Former les jeunes et éveiller les consciences
Chaque année, la Licra à Reims intervient dans les clubs de football, mais aussi dans les écoles, les collèges, les lycées, à l’université. Le travail est impressionnant et ces bénévoles ne ménagent pas leur énergie. "Nous intervenons pour expliquer aux jeunes les mécanismes du racisme, explique Francine Bellour. Cet esprit moutonnier, cette paresse intellectuelle, l’influence, les réseaux sociaux où il est encore plus facile de passer à l’acte. Nous leur parlons aussi de la loi". Car évidemment toute forme de violences racistes, insultes verbales, écrites, à travers les réseaux sociaux et bien au-delà parfois, est punie par la loi. Lorsque l'injure n'est pas publique, la peine encourue est une amende de 750 euros maximum (contravention de 4e classe) (art. R.624-4 du code pénal). Lorsqu’elle est publique, son auteur encourt jusqu'à 6 mois d’emprisonnement et 22 500 euros d'amende (art. 29 alinéa 2 et 33 alinéa 3 de la loi du 29 juillet 1881).
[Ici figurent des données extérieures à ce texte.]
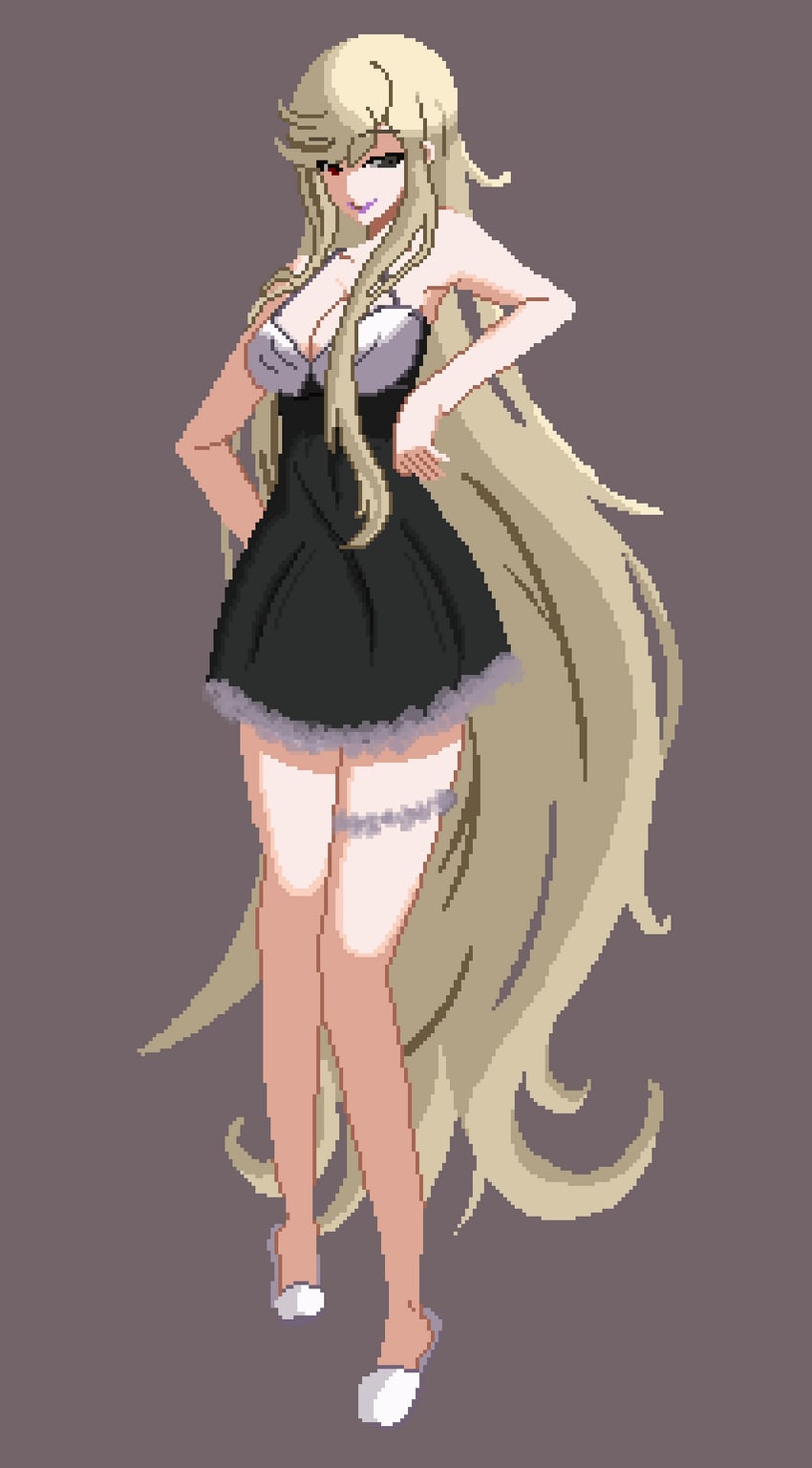 hilda (under night in-birth) drawn by aeonimitate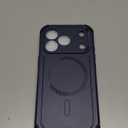 ESR for iPhone 17 Pro Case, 7X Military-Grade Drop Protection, Shock-Absorbing Rugged Cover with Camera Control Button, MagSafe Accessories Compatible, Cyber Series, Navy Blue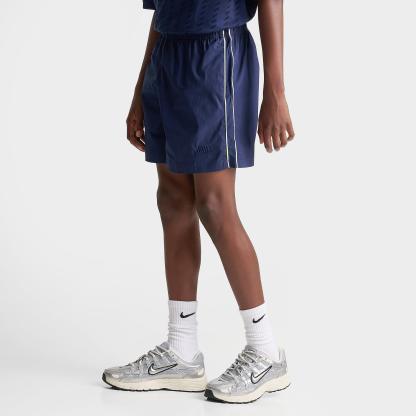 Big Kids' Nithtke Sportswear Woven Shorts - Midnight Navy/Midnight Navy/Soft Pearl/Midnight Navy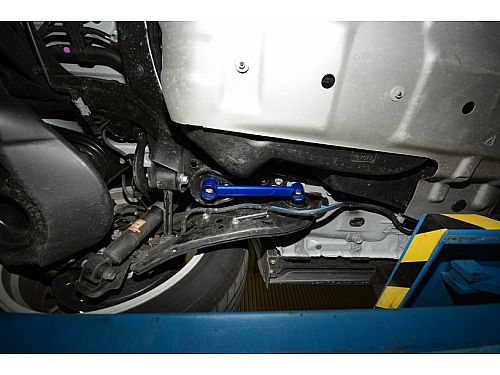 Распорка задняя нижняя HardRace для LEXUS RX 4th AL20 2016-2022, HRQ0266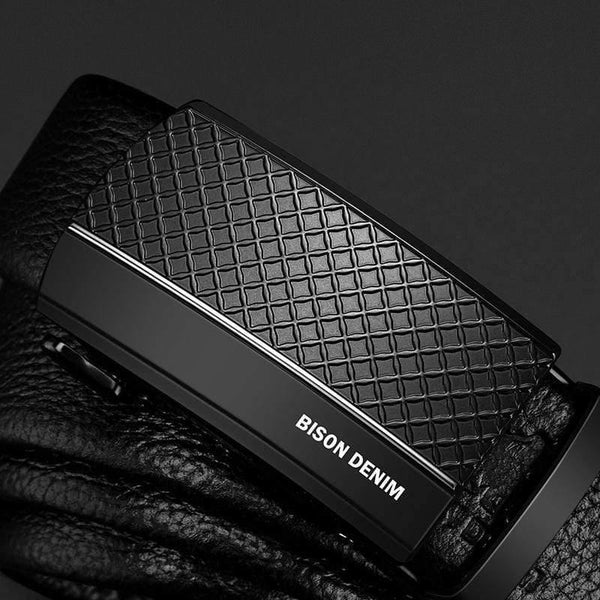 Leather Automatic Men Belt Luxury Strap Belt For Men Designer Belts Men High Quality Fashion Belt N71416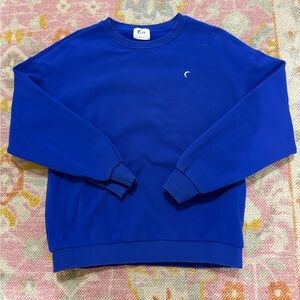 Zyia Active Cobalt Blue Crewneck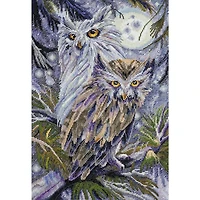 Abris Art Owls Counted Cross Stitch Kit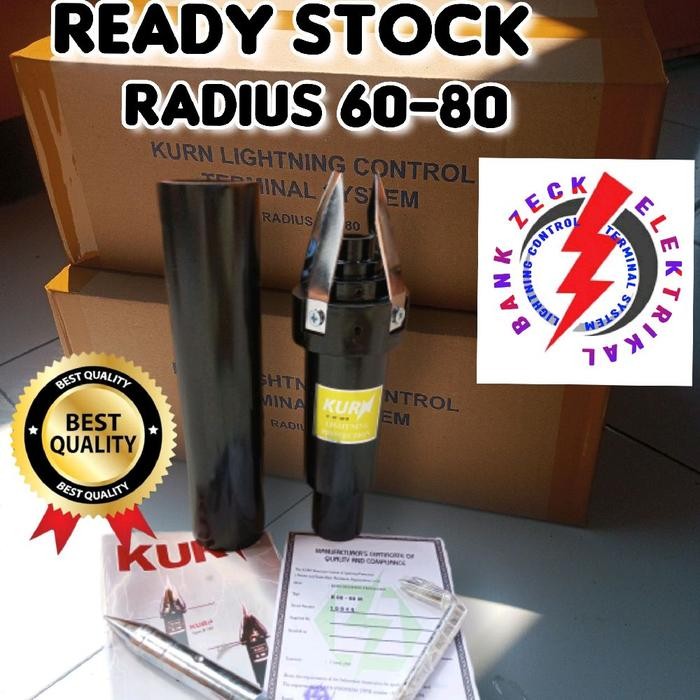 Jual penangkal petir kurn r80 original | Shopee Indonesia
"Très souvent dans pareille situation, dit encore Lilian Thuram, on oublie d’aller parler à la personne qui subit le racisme pour simplement lui dire : c’est le raciste qui a un problème, ce n’est pas toi. Ne jamais l’oublier".
"J’ai vu qui était qui, qui faisait semblant, qui soutient réellement cette cause et ceux qui ont peur de se mouiller, désormais on ne rigole plus". Magou Doucouré s’est exprimée ainsi, le 10 janvier sur son compte twitter.
Elle est victime d’un acte odieux, où le silence n’a pas sa place.